INPUT DATA>

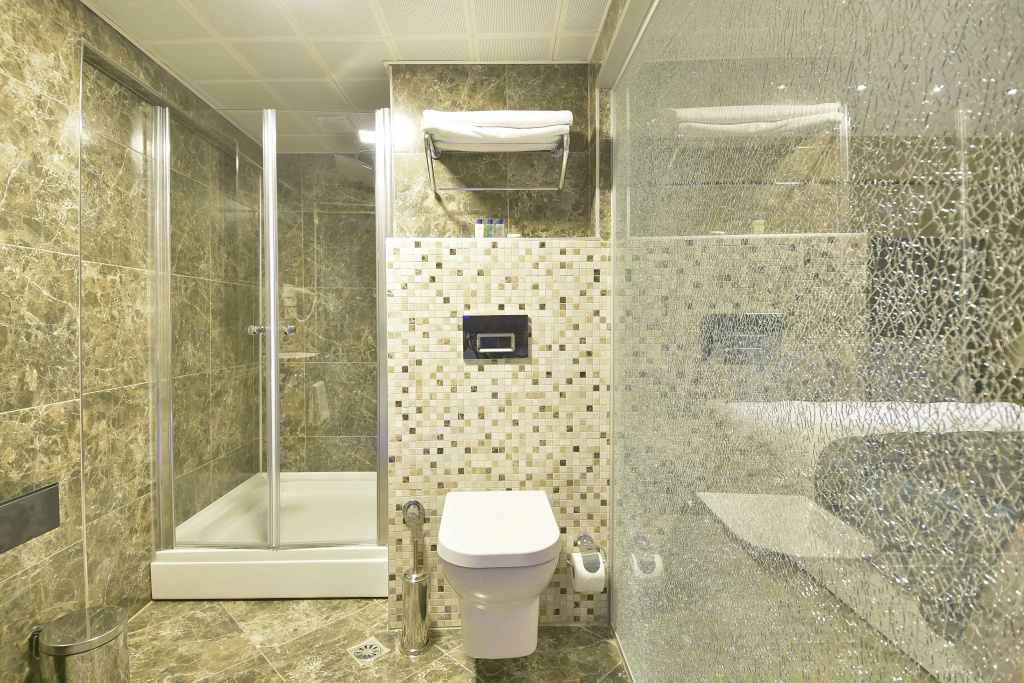 Adamel City Hotel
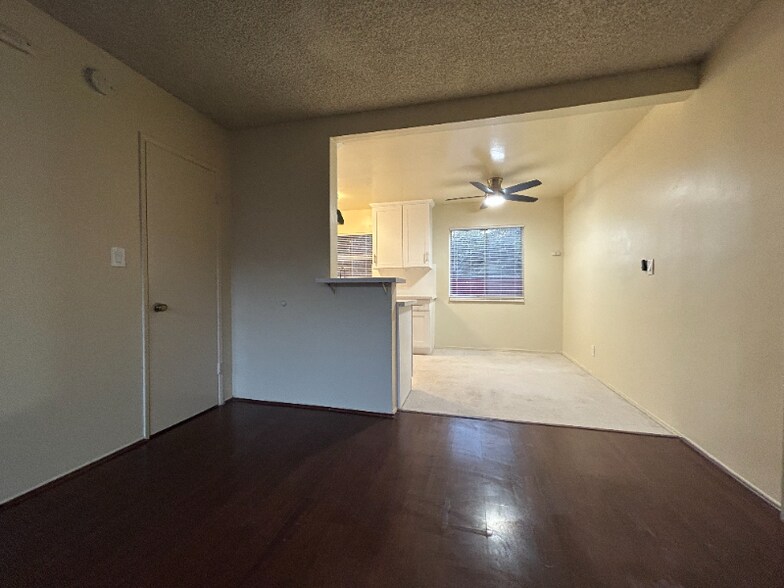 Building Photo - 313 S Wabash Ave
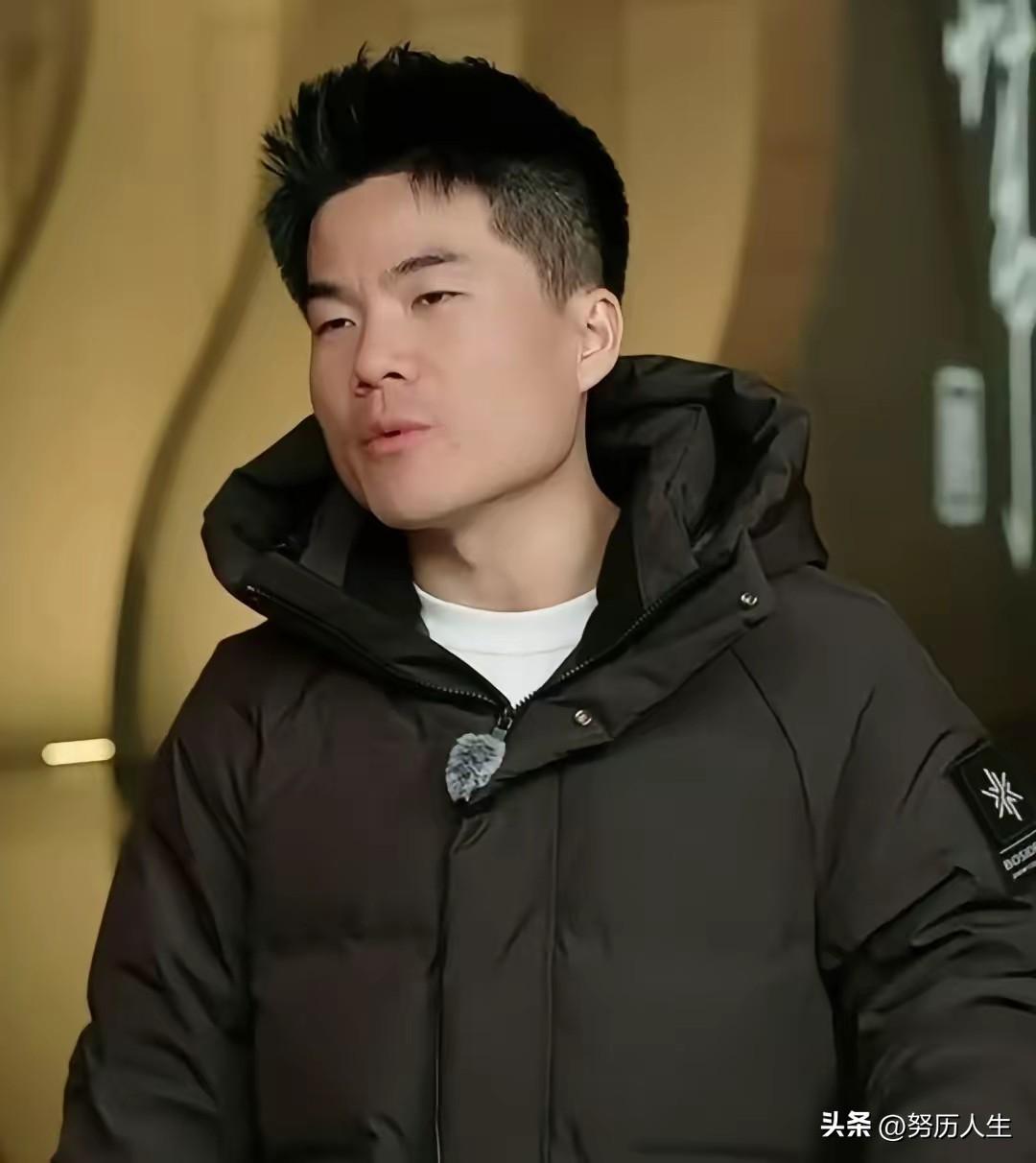 关于优思益假货，董宇辉道歉了，随之而来的是，粉丝对他的信任也大打折扣，有人说他是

PROMPT>
Copy each line of the material above exactly, but not the images.

SOLUTION TO THIS TASK>
 Adamel City Hotel
 Building Photo - 313 S Wabash Ave
 关于优思益假货，董宇辉道歉了，随之而来的是，粉丝对他的信任也大打折扣，有人说他是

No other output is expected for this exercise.